[Python-Dev] Pre-PEP: Redesigning extension modules

Sun Sep 1 03:28:36 CEST 2013

On 1 Sep 2013 05:18, "Stefan Behnel" <stefan_ml at behnel.de> wrote:
>
> Nick Coghlan, 31.08.2013 18:49:
> > On 25 Aug 2013 21:56, "Stefan Behnel" wrote:
> >>>>> One key point to note is that it *doesn't* call
> >>>>> _PyImport_FixupExtensionObject, which is the API that handles all
the
> >>>>> PEP 3121 per-module state stuff. Instead, the idea will be for
modules
> >>>>> that don't need additional C level state to just implement
> >>>>> PyImportExec_NAME, while those that *do* need C level state
implement
> >>>>> PyImportCreate_NAME and return a custom object (which may or may not
> >>>>> be a module subtype).
> >>>>
> >>>> Is it really a common case for an extension module not to need any C
> >>>> level
> >>>> state at all? I mean, this might work for very simple accelerator
> >>>> modules
> >>>> with only a few stand-alone functions. But anything non-trivial will
> >>>> almost
> >>>> certainly have some kind of global state, cache, external library,
> >>>> etc.,
> >>>> and that state is best stored at the C level for safety reasons.
> >
> > In my experience, most extension authors aren't writing high
performance C
> > accelerators, they're exposing an existing C API to Python. It's the
cffi
> > use case rather than the Cython use case.
>
> Interesting. I can't really remember a case where I could afford the
> runtime overhead of implementing a wrapper in Python and going through
> something like ctypes or cffi. I mean, testing C libraries with Python
> tools would be one, but then, you wouldn't want to write an extension
> module for that and instead want to call it directly from the test code as
> directly as possible.
>
> I'm certainly aware that that use case exists, though, and also the case
of
> just wanting to get things done as quickly and easily as possible.

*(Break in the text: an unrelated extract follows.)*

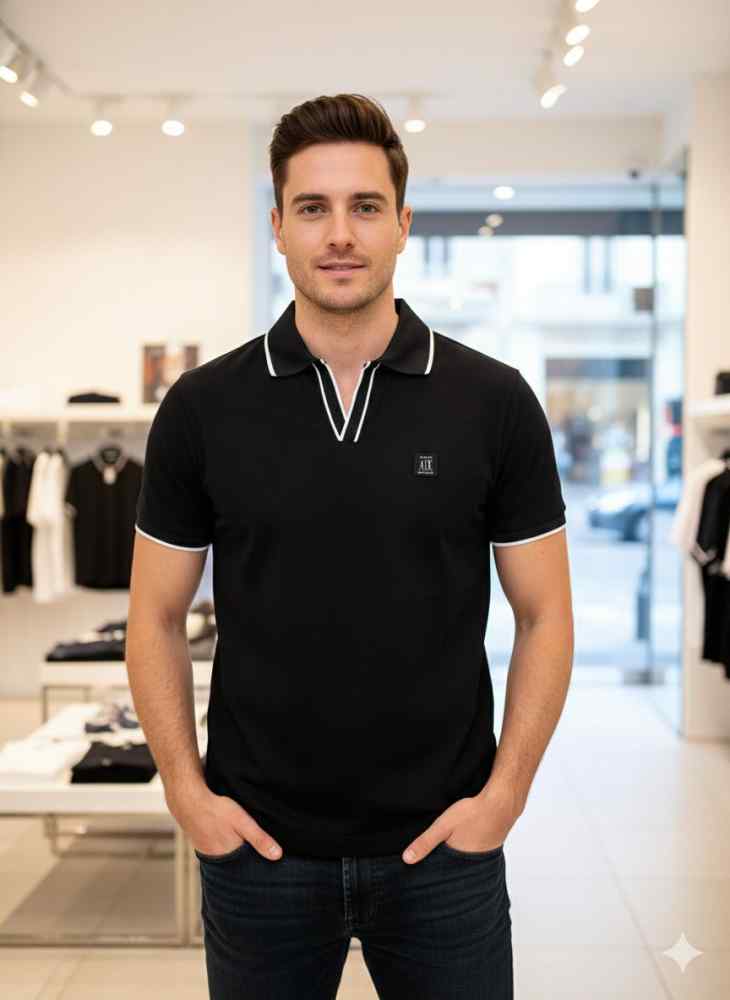 Armani Exchange Black Premium Quality T-Shirt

Keep in mind I first came to Python as a tool for test automation of custom
C++ hardware APIs that could be written to be SWIG friendly.

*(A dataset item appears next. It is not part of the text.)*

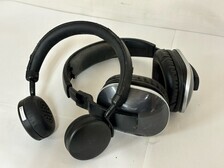 ワイヤレスヘッドホンの画像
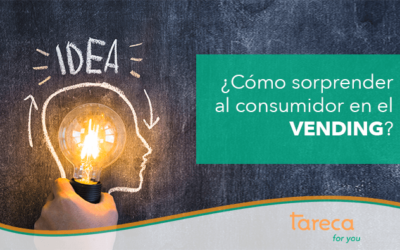 ¿Cómo sorprender al consumidor en el vending?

I now work for an OS vendor where the 3 common languages for system
utilities are C, C++ and Python.

For those use cases, dropping a bunch of standard Python objects in a
module dict is often going to be a quick and easy solution that avoids a
lot of nasty pointer lifecycle issues at the C level.

This style of extension code would suffer similar runtime checking overhead
as Python, including for function calls, but, like CPython itself, would
still often be "fast enough".

However, as soon as you want to manually optimise for *speed* at all,
you're going to want to remove those module internal indirections through
the Python API. There are at least three ways to do this (internally,
CPython uses all of them in various places):

* type checks followed by direct function calls on the optimised path and
falling back to the abstract object APIs on the compatibility path
* type checks followed by an exception for unknown types
* hidden state that isn't exposed directly at the Python level and hence
can be trusted to only be changed through the module APIs.

The third approach can be implemented in three ways, with various
consequences:

* C static variables. For mutable state, including pointers to Python
types, this breaks subinterpreters, reloading in place and loading a fresh
copy of the module
* PEP 3121 per-interpreter shared state. Handles subinterpreters, *may*
handle reloading (but may segfault if references are held to old types and
functions from before the reload), doesn't handle loading a fresh copy at
all.
* PEP 3121 with a size of "0". As above, but avoids the module state APIs
in order to support reloading. All module state (including type
cross-references) is stored in hidden state (e.g. an instance of a custom
type not exposed to Python, with a reference stored on each custom type
object defined in the module, and any module level "functions" actually
being methods of a hidden object). Still doesn't support loading a *fresh*
copy due to the hidden PEP 3121 module cache.

The proposed new approach is to bypass the PEP 3121 cache entirely, and
instead recommend providing an instance of a custom type to be placed in
sys.modules. Extension modules will be given the ability to explicitly
disallow in-place reloading *or* to make it work reliably, rather than the
status quo where the import system assumes it will work, and instead may
fail in unusual ways.

> > Mutable module global state is always a recipe for obscure bugs, and not
> > something I will ever let through code review without a really good
> > rationale. Hidden process global state is never good, just sometimes a
> > necessary evil.
>
> I'm not necessarily talking about mutable state. Rather about things like
> pre-initialised data or imported functionality. For example, I often have
a
> bound method of a compiled regex lying around somewhere in my Python
> modules as a utility function. And the same kind of stuff exists in C
code,
> some may be local to a class, but other things can well be module global.
> And given that we are talking about module internals here I'd always keep
> them at the C level rather than exposing them through the module dict. The
> module dict involves a much higher access overhead, in addition to the
> reduced safety due to user accessibility.
>
> Exported C-APIs are also a use case. You'd import the C-API of another
> module at init time and from that point on only go through function
> pointers etc. Those are (sub-)interpreter specific, i.e. they are module
> global state that is specific to the currently loaded module instances.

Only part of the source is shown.